- **HOW TO COMPLETE THIS TASK**
Every record is to be restated exactly, with nothing left out.

*** EXERCISE DATA ***

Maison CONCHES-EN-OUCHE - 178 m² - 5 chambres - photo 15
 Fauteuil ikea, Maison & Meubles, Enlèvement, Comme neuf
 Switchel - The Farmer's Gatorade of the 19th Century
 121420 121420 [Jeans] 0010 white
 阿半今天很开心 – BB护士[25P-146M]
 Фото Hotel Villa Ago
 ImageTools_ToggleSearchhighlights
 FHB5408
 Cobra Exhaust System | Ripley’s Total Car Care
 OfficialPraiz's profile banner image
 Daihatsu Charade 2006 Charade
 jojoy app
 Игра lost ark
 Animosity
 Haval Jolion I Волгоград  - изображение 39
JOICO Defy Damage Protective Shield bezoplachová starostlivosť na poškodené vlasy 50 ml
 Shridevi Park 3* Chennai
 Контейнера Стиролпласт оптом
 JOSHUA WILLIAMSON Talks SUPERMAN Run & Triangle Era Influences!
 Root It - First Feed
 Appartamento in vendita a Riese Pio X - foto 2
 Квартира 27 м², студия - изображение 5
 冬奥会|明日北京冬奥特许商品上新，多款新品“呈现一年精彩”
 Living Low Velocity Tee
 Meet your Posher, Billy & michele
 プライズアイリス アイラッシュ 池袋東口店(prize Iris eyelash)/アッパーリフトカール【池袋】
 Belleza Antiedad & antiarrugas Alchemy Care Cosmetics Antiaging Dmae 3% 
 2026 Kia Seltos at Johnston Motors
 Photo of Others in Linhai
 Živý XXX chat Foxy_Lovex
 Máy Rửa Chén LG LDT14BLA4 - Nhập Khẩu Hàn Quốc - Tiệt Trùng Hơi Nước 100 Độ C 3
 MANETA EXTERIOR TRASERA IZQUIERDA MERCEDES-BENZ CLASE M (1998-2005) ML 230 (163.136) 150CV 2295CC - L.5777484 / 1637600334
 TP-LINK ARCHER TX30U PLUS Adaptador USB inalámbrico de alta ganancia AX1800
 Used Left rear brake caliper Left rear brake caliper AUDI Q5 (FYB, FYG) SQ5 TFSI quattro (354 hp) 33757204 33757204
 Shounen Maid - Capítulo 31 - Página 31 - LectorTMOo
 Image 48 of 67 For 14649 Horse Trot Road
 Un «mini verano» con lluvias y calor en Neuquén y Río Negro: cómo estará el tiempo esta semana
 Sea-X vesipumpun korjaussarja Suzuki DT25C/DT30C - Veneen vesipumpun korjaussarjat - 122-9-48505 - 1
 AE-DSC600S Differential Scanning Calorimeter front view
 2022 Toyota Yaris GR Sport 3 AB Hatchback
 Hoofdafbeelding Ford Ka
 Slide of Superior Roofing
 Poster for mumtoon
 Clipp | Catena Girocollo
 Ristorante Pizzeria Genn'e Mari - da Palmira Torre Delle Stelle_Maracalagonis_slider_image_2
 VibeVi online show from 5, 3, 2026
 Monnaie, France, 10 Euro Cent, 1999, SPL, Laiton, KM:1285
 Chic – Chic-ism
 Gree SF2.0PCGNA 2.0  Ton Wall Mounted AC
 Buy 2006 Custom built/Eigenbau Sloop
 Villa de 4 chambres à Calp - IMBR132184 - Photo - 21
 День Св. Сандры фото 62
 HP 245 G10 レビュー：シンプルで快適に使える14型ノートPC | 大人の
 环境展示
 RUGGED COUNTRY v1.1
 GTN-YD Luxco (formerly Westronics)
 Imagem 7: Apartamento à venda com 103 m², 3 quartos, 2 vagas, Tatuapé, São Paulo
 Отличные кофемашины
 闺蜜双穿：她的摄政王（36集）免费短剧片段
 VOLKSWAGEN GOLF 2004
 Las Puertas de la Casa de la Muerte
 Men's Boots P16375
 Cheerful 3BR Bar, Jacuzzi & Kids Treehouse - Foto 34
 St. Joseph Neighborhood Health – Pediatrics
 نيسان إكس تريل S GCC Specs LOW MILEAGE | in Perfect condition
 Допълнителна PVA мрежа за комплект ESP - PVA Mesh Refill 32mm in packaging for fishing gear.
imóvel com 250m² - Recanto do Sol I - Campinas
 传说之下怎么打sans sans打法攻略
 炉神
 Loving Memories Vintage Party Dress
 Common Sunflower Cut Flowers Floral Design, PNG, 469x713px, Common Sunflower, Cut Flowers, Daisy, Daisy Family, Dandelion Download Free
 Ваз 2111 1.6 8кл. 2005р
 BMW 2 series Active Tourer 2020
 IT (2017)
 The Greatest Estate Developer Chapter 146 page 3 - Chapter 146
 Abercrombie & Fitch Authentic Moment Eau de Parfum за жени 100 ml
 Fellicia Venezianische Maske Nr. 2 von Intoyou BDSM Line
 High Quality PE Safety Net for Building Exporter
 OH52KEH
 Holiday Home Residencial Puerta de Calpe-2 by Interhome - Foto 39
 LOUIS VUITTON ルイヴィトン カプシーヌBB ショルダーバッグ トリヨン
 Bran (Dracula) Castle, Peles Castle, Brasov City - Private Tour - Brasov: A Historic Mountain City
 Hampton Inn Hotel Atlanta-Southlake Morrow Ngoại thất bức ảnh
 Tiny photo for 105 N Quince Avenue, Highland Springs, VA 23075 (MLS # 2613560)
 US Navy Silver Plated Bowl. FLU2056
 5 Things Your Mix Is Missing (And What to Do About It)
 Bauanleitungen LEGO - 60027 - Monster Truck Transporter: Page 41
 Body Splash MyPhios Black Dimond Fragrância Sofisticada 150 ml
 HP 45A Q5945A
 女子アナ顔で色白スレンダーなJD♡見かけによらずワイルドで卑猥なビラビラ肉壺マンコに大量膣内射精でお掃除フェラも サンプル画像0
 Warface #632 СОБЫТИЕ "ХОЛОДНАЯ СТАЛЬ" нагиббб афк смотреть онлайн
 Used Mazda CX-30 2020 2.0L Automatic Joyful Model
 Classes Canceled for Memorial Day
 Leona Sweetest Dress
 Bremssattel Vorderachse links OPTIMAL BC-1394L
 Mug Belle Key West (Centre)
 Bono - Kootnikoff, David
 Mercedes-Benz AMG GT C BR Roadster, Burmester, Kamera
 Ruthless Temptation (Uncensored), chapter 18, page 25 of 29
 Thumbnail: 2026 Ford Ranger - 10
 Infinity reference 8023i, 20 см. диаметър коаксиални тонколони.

*** End of EXERCISE DATA ***

- **RESULT**
Maison CONCHES-EN-OUCHE - 178 m² - 5 chambres - photo 15
 Fauteuil ikea, Maison & Meubles, Enlèvement, Comme neuf
 Switchel - The Farmer's Gatorade of the 19th Century
 121420 121420 [Jeans] 0010 white
 阿半今天很开心 – BB护士[25P-146M]
 Фото Hotel Villa Ago
 ImageTools_ToggleSearchhighlights
 FHB5408
 Cobra Exhaust System | Ripley’s Total Car Care
 OfficialPraiz's profile banner image
 Daihatsu Charade 2006 Charade
 jojoy app
 Игра lost ark
 Animosity
 Haval Jolion I Волгоград  - изображение 39
JOICO Defy Damage Protective Shield bezoplachová starostlivosť na poškodené vlasy 50 ml
 Shridevi Park 3* Chennai
 Контейнера Стиролпласт оптом
 JOSHUA WILLIAMSON Talks SUPERMAN Run & Triangle Era Influences!
 Root It - First Feed
 Appartamento in vendita a Riese Pio X - foto 2
 Квартира 27 м², студия - изображение 5
 冬奥会|明日北京冬奥特许商品上新，多款新品“呈现一年精彩”
 Living Low Velocity Tee
 Meet your Posher, Billy & michele
 プライズアイリス アイラッシュ 池袋東口店(prize Iris eyelash)/アッパーリフトカール【池袋】
 Belleza Antiedad & antiarrugas Alchemy Care Cosmetics Antiaging Dmae 3% 
 2026 Kia Seltos at Johnston Motors
 Photo of Others in Linhai
 Živý XXX chat Foxy_Lovex
 Máy Rửa Chén LG LDT14BLA4 - Nhập Khẩu Hàn Quốc - Tiệt Trùng Hơi Nước 100 Độ C 3
 MANETA EXTERIOR TRASERA IZQUIERDA MERCEDES-BENZ CLASE M (1998-2005) ML 230 (163.136) 150CV 2295CC - L.5777484 / 1637600334
 TP-LINK ARCHER TX30U PLUS Adaptador USB inalámbrico de alta ganancia AX1800
 Used Left rear brake caliper Left rear brake caliper AUDI Q5 (FYB, FYG) SQ5 TFSI quattro (354 hp) 33757204 33757204
 Shounen Maid - Capítulo 31 - Página 31 - LectorTMOo
 Image 48 of 67 For 14649 Horse Trot Road
 Un «mini verano» con lluvias y calor en Neuquén y Río Negro: cómo estará el tiempo esta semana
 Sea-X vesipumpun korjaussarja Suzuki DT25C/DT30C - Veneen vesipumpun korjaussarjat - 122-9-48505 - 1
 AE-DSC600S Differential Scanning Calorimeter front view
 2022 Toyota Yaris GR Sport 3 AB Hatchback
 Hoofdafbeelding Ford Ka
 Slide of Superior Roofing
 Poster for mumtoon
 Clipp | Catena Girocollo
 Ristorante Pizzeria Genn'e Mari - da Palmira Torre Delle Stelle_Maracalagonis_slider_image_2
 VibeVi online show from 5, 3, 2026
 Monnaie, France, 10 Euro Cent, 1999, SPL, Laiton, KM:1285
 Chic – Chic-ism
 Gree SF2.0PCGNA 2.0  Ton Wall Mounted AC
 Buy 2006 Custom built/Eigenbau Sloop
 Villa de 4 chambres à Calp - IMBR132184 - Photo - 21
 День Св. Сандры фото 62
 HP 245 G10 レビュー：シンプルで快適に使える14型ノートPC | 大人の
 环境展示
 RUGGED COUNTRY v1.1
 GTN-YD Luxco (formerly Westronics)
 Imagem 7: Apartamento à venda com 103 m², 3 quartos, 2 vagas, Tatuapé, São Paulo
 Отличные кофемашины
 闺蜜双穿：她的摄政王（36集）免费短剧片段
 VOLKSWAGEN GOLF 2004
 Las Puertas de la Casa de la Muerte
 Men's Boots P16375
 Cheerful 3BR Bar, Jacuzzi & Kids Treehouse - Foto 34
 St. Joseph Neighborhood Health – Pediatrics
 نيسان إكس تريل S GCC Specs LOW MILEAGE | in Perfect condition
 Допълнителна PVA мрежа за комплект ESP - PVA Mesh Refill 32mm in packaging for fishing gear.
imóvel com 250m² - Recanto do Sol I - Campinas
 传说之下怎么打sans sans打法攻略
 炉神
 Loving Memories Vintage Party Dress
 Common Sunflower Cut Flowers Floral Design, PNG, 469x713px, Common Sunflower, Cut Flowers, Daisy, Daisy Family, Dandelion Download Free
 Ваз 2111 1.6 8кл. 2005р
 BMW 2 series Active Tourer 2020
 IT (2017)
 The Greatest Estate Developer Chapter 146 page 3 - Chapter 146
 Abercrombie & Fitch Authentic Moment Eau de Parfum за жени 100 ml
 Fellicia Venezianische Maske Nr. 2 von Intoyou BDSM Line
 High Quality PE Safety Net for Building Exporter
 OH52KEH
 Holiday Home Residencial Puerta de Calpe-2 by Interhome - Foto 39
 LOUIS VUITTON ルイヴィトン カプシーヌBB ショルダーバッグ トリヨン
 Bran (Dracula) Castle, Peles Castle, Brasov City - Private Tour - Brasov: A Historic Mountain City
 Hampton Inn Hotel Atlanta-Southlake Morrow Ngoại thất bức ảnh
 Tiny photo for 105 N Quince Avenue, Highland Springs, VA 23075 (MLS # 2613560)
 US Navy Silver Plated Bowl. FLU2056
 5 Things Your Mix Is Missing (And What to Do About It)
 Bauanleitungen LEGO - 60027 - Monster Truck Transporter: Page 41
 Body Splash MyPhios Black Dimond Fragrância Sofisticada 150 ml
 HP 45A Q5945A
 女子アナ顔で色白スレンダーなJD♡見かけによらずワイルドで卑猥なビラビラ肉壺マンコに大量膣内射精でお掃除フェラも サンプル画像0
 Warface #632 СОБЫТИЕ "ХОЛОДНАЯ СТАЛЬ" нагиббб афк смотреть онлайн
 Used Mazda CX-30 2020 2.0L Automatic Joyful Model
 Classes Canceled for Memorial Day
 Leona Sweetest Dress
 Bremssattel Vorderachse links OPTIMAL BC-1394L
 Mug Belle Key West (Centre)
 Bono - Kootnikoff, David
 Mercedes-Benz AMG GT C BR Roadster, Burmester, Kamera
 Ruthless Temptation (Uncensored), chapter 18, page 25 of 29
 Thumbnail: 2026 Ford Ranger - 10
 Infinity reference 8023i, 20 см. диаметър коаксиални тонколони.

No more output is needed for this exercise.